Pour oser s’assurer de quelques vérités concernant la Chine, sans l’avoir vue et examinée de ses propres yeux, il faudrait que nous eussions plus de monuments de leur littérature. Un seul de leurs livres, même mauvais, nous en apprendrait plus que toutes les relations des missionnaires ; mais nous n’avons que quelques extraits informes, fournis par le P. du Halde, dont le plus considérable est celui de la tragédie de l’Orphelin de la maison de Tchao, que M.  de Voltaire a mise depuis sur le Théâtre-Français[1].

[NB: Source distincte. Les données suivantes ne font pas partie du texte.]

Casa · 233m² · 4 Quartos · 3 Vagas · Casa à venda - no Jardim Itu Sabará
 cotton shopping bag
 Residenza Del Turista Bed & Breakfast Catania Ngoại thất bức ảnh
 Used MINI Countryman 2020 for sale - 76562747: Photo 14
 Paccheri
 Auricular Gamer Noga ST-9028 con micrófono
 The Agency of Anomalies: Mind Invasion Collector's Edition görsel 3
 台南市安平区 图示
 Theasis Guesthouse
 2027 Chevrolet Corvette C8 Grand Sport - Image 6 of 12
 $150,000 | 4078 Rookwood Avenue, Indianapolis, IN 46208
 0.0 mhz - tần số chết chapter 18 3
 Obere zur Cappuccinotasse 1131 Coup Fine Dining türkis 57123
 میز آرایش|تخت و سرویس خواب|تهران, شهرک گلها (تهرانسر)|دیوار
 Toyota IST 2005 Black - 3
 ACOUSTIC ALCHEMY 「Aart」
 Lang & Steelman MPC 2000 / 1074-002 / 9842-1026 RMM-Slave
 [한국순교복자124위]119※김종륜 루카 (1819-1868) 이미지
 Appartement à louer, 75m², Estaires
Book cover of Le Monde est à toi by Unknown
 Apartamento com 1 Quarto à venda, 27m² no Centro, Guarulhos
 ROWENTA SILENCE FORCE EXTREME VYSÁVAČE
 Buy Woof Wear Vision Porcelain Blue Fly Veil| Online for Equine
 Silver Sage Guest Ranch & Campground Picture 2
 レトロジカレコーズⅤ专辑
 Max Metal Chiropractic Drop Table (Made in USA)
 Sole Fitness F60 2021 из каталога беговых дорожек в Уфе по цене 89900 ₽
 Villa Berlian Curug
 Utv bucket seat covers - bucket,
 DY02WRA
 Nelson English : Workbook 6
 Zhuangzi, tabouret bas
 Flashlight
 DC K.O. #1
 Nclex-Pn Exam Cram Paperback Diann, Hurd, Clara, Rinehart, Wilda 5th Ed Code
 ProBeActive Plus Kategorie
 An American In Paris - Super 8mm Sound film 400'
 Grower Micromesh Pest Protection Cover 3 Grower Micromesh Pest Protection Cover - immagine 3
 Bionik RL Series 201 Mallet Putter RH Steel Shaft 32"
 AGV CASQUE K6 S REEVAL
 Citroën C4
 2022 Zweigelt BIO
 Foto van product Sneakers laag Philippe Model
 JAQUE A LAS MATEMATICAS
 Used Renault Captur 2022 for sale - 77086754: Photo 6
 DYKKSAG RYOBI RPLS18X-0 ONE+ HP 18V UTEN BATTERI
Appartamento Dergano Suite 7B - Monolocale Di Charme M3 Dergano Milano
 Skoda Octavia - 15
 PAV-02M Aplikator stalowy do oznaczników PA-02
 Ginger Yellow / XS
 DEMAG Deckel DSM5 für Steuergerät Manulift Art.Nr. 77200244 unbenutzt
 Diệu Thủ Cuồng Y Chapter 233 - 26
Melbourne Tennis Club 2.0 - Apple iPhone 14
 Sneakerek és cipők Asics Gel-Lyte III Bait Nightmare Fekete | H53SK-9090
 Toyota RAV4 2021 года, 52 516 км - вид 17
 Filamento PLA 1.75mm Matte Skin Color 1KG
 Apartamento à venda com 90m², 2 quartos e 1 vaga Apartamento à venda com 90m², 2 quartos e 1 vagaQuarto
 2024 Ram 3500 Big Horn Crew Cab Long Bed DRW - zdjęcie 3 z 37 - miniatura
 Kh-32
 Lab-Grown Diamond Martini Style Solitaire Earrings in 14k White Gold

Il vient de paraître un roman chinois complet, et avec tous les caractères de l’authenticité. Ce roman a été traduit originairement en anglais par un homme au service de la Compagnie anglaise des Indes, qui, ayant résidé longtemps à Canton, s’y était appliqué à l’étude de la langue chinoise, et, pour s’y exercer avec quelque fruit, avait entrepris cette traduction. Elle est de 1719. Le traducteur repassa alors en Angleterre, où il mourut en 1736. On n’a publié ce roman à Londres que depuis peu de temps, et M.  Eidous vient de le translater en très-mauvais français, suivant son usage[2].

Ce roman est extrêmement curieux et intéressant. Ce n’est assurément pas par le coloris, car il n’y en a pas l’ombre ; mal-

  1. Voir tome III, p. 82 et note.
  2. Hau Kiou Choan, tel est le titre du roman chinois, traduit en anglais par le révérend Percy. (B.)